Using aggregate() with a class, new instance created each time. Doesn't aggregate at all

I am using Kotlin, trying to follow the example here (in Java).

private val distance = trips
.mapValues { _, trip ->
    objectMapper.readValue(trip, Trip::class.java)
}.peek { _, trip -> logger.info("Trip",trip) }
.groupByKey().windowedBy(SessionWindows.with(Duration.ofSeconds(10)).grace(Duration.ofSeconds(0)))


private val aggregatedStreams = distance.aggregate(
    ::AggClass,
    { key, trip, agg -> agg.update(trip.startLat,trip.startLng,trip.endLat, trip.endLng)}, { key, oldAgg, updatedAgg ->
        oldAgg.merge(updatedAgg)
    },
    Materialized.`as`<String, AggClass, SessionStore<Bytes, ByteArray>>("stateStoreName")
        .withKeySerde(Serdes.String())
        .withValueSerde(tripSerDes())
        .withLoggingDisabled()).suppress(Suppressed.untilWindowCloses(unbounded()))

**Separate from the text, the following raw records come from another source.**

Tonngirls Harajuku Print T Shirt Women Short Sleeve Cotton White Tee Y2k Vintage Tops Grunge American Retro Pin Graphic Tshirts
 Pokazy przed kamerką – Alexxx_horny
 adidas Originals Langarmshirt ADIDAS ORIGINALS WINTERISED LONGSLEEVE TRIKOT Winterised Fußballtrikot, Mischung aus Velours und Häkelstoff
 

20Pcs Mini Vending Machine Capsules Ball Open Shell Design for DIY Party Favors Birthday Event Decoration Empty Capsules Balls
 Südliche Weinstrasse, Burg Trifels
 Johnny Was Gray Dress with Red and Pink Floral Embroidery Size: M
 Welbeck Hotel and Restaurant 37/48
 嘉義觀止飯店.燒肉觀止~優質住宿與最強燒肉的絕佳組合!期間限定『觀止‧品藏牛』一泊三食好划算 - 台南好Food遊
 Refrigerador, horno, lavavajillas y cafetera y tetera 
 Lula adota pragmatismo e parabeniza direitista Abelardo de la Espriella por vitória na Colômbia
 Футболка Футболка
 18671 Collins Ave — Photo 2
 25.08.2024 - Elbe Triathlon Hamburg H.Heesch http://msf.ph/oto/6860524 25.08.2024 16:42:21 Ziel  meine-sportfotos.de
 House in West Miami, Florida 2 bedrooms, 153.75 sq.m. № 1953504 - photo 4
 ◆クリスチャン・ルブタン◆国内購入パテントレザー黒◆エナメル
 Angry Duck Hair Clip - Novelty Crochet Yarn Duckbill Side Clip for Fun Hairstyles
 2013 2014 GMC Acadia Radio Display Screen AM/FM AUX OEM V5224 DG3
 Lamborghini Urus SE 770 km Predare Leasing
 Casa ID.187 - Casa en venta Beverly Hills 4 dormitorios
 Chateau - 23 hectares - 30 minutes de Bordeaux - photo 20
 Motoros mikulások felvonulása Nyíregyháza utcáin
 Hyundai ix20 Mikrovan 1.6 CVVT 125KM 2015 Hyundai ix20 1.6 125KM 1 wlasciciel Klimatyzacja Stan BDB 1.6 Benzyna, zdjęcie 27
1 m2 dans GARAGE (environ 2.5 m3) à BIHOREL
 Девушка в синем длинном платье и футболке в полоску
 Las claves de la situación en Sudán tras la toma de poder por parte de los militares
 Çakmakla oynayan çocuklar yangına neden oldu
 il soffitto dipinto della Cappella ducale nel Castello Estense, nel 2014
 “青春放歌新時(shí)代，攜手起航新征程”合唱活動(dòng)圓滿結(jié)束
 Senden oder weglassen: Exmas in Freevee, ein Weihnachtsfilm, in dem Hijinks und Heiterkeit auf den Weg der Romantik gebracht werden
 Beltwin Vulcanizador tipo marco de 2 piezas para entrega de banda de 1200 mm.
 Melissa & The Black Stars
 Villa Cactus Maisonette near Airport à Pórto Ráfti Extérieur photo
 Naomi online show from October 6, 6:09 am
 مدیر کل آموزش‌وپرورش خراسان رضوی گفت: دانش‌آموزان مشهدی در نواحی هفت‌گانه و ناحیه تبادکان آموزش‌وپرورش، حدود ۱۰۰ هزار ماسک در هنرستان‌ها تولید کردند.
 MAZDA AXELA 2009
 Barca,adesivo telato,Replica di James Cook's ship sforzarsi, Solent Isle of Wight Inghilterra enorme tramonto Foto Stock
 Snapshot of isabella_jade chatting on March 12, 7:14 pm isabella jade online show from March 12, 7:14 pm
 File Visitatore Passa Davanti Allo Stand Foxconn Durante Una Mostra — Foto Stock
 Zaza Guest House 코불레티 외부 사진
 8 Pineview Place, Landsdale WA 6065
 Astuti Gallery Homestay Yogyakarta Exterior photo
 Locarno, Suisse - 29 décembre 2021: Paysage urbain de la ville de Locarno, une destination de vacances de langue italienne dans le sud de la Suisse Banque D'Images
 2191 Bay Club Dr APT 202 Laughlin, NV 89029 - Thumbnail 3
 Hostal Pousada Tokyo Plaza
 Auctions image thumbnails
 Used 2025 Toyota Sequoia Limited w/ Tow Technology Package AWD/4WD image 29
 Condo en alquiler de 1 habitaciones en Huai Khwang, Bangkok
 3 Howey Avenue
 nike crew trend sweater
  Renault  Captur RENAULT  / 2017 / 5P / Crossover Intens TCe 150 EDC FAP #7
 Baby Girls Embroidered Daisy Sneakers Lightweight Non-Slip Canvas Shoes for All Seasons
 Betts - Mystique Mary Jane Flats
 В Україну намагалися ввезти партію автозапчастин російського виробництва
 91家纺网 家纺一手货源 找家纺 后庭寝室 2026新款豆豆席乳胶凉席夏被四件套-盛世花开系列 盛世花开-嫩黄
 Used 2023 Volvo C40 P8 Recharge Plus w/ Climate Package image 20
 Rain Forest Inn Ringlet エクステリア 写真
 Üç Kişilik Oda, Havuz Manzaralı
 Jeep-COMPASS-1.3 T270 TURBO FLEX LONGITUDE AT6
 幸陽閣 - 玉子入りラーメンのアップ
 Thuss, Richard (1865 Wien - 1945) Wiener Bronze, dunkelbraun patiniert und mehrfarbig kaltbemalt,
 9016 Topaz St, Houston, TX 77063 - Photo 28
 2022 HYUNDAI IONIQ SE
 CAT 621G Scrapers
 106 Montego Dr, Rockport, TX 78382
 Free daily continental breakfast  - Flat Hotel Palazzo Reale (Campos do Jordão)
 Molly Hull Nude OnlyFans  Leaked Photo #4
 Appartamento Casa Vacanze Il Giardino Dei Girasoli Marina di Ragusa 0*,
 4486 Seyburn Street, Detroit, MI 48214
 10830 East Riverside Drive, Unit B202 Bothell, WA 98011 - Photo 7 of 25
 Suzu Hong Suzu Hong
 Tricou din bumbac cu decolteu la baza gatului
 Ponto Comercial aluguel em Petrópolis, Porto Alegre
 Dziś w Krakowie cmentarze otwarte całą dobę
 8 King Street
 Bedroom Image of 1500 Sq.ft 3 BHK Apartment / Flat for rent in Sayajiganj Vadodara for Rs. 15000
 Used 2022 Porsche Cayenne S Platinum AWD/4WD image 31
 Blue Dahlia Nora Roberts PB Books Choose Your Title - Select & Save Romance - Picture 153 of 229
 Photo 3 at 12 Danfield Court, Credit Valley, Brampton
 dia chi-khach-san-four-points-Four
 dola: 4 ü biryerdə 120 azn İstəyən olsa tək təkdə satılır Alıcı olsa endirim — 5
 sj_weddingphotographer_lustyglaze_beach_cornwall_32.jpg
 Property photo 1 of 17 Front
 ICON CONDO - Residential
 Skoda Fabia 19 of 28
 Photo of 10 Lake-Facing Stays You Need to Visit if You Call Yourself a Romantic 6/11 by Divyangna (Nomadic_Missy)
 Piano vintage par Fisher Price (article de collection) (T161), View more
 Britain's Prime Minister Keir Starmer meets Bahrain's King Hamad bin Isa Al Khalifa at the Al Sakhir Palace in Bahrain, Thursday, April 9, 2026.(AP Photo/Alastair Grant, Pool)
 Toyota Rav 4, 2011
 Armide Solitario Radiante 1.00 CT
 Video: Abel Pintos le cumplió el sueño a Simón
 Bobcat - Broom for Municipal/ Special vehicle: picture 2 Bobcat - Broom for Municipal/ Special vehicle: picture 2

The issue is with the aggreate() function. I can see that the agg.update method is called and returns the correct values. However values in the aggregator are never updated. At the end the output from the aggregation is the same as the initial values for the class.

Have I made some mistake in the syntax? When using simple aggregators like Double it worked fine.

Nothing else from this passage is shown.